- [Exercise objective]:
Please print, exactly, only the lines in the entries below from the line that has "Now we have" through the line that has "As you can see, these". Pictures don't go in.

- [Stored data]:
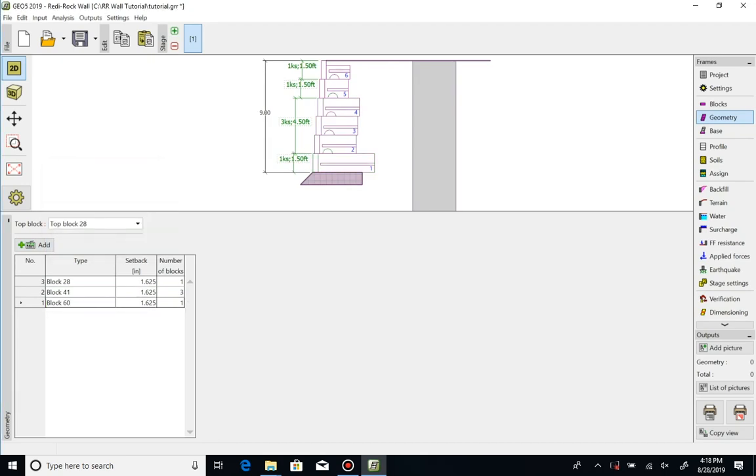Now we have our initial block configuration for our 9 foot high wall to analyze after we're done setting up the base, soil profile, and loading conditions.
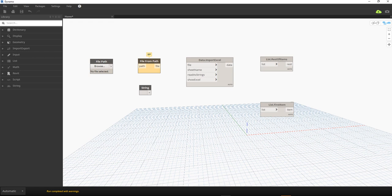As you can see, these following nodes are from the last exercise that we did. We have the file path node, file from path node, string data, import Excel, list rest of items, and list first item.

--

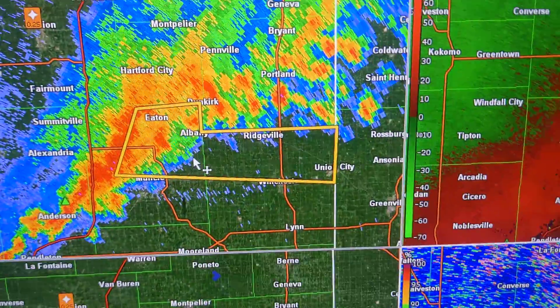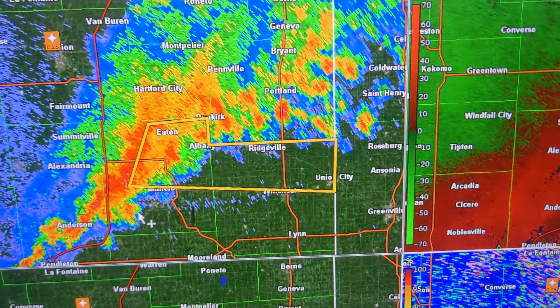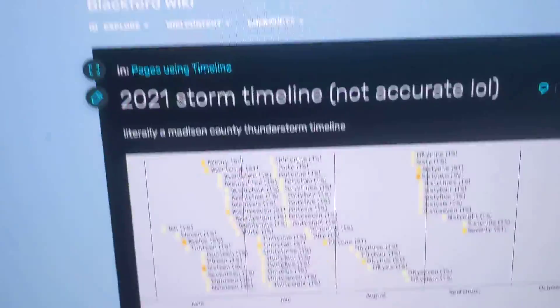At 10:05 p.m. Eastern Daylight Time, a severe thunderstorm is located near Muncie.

---

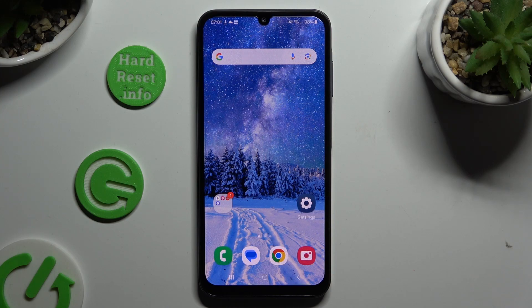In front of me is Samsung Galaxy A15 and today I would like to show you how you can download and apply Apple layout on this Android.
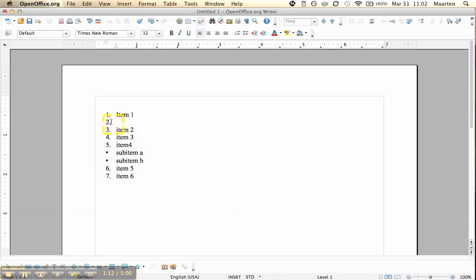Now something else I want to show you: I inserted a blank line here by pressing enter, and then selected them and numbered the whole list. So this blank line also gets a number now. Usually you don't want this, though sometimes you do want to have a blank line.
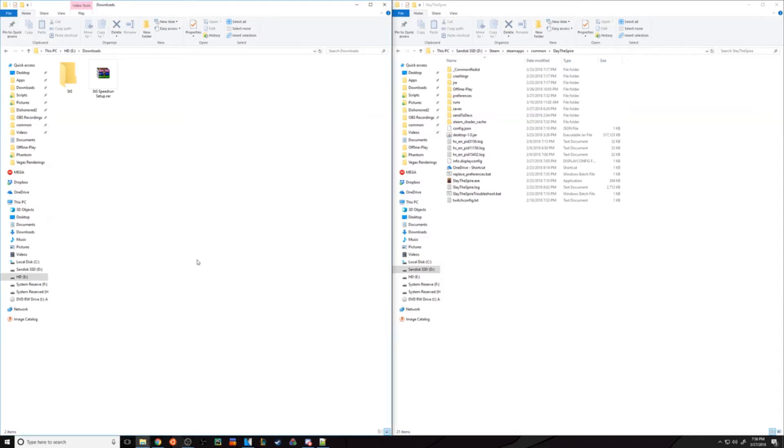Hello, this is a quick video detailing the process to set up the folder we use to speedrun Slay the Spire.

- [Result of this task]:
Now we have our initial block configuration for our 9 foot high wall to analyze after we're done setting up the base, soil profile, and loading conditions.
As you can see, these following nodes are from the last exercise that we did. We have the file path node, file from path node, string data, import Excel, list rest of items, and list first item.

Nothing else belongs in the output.